-- AIM OF THE TASK --
Copy every record word for word. The images stay behind.

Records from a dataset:
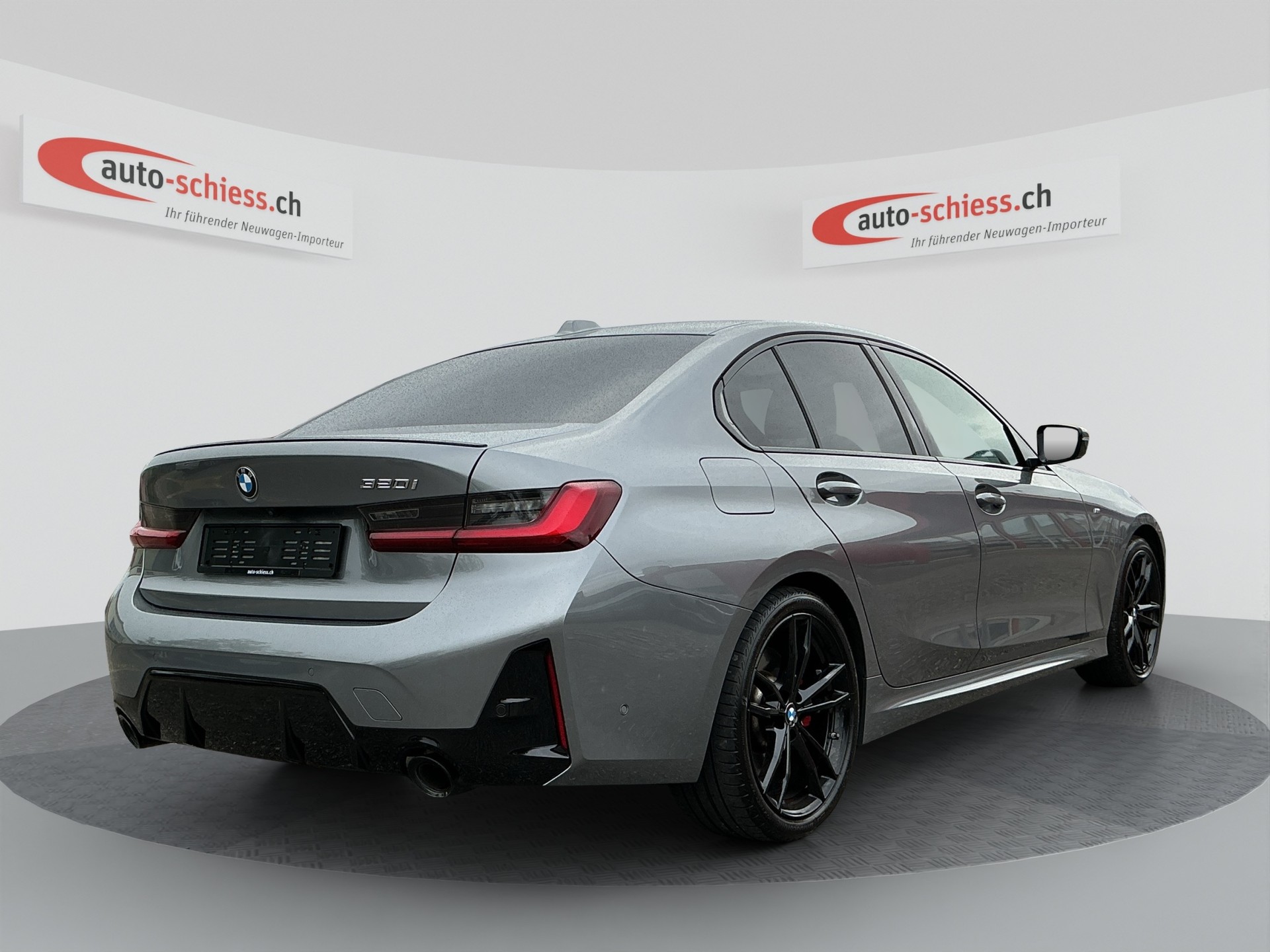 BMW 320 i Limousine M Sport Shadow Line-image-4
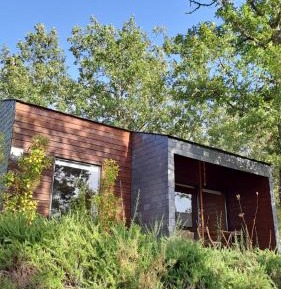 One-Bedroom Bungalow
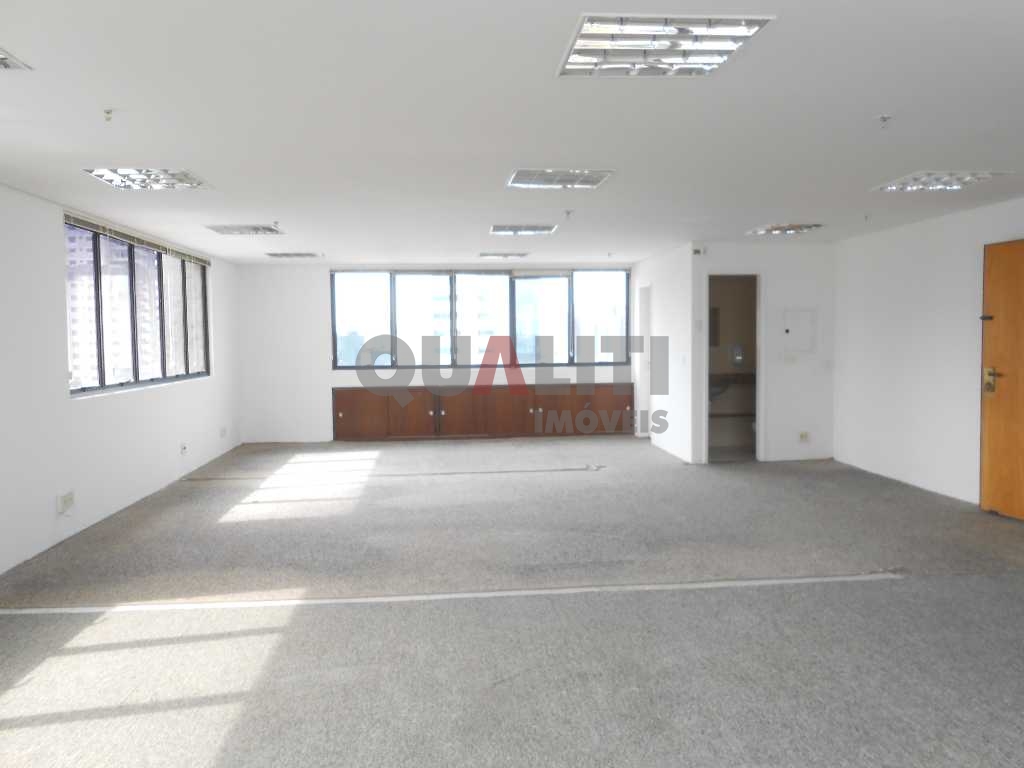 Sala comercial para locação no Campo Belo.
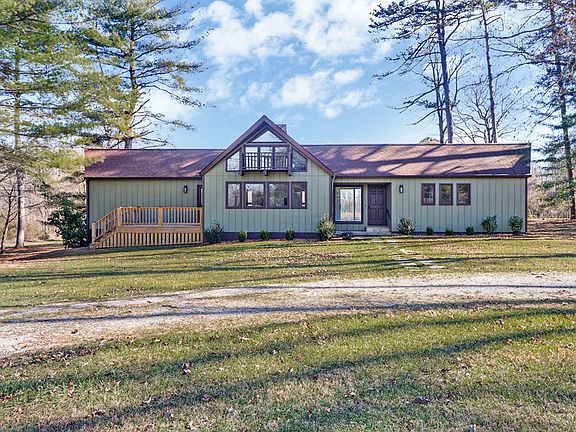 2nd image of 1651 Pennsylvania Ave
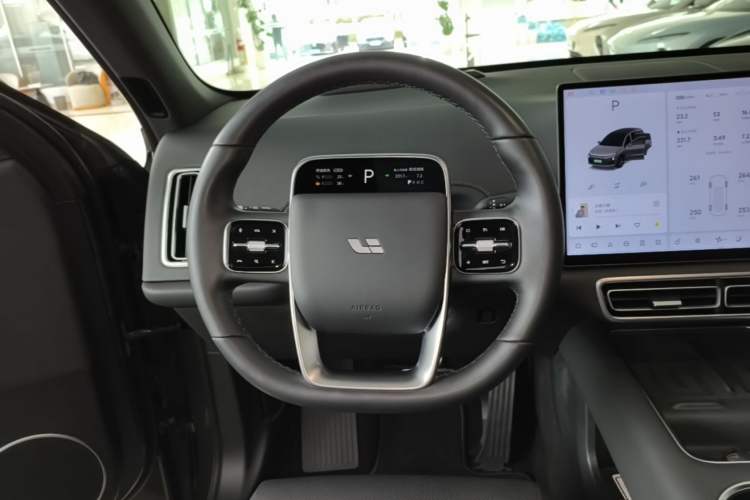 Used Li Auto L6 2024 Pro Model Steering Wheel
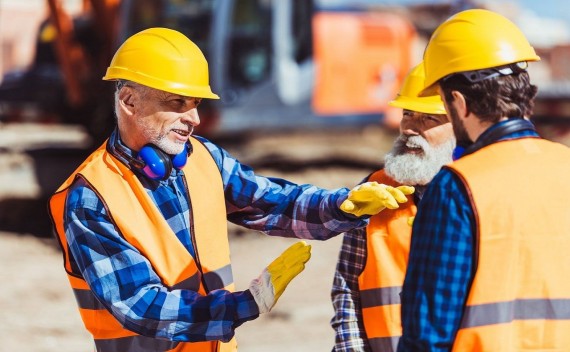 Áo bảo hộ kỹ sư xây dựng có thực sự cần thiết?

-- RESULT --
 BMW 320 i Limousine M Sport Shadow Line-image-4
 One-Bedroom Bungalow
 Sala comercial para locação no Campo Belo.
 2nd image of 1651 Pennsylvania Ave
 Used Li Auto L6 2024 Pro Model Steering Wheel
 Áo bảo hộ kỹ sư xây dựng có thực sự cần thiết?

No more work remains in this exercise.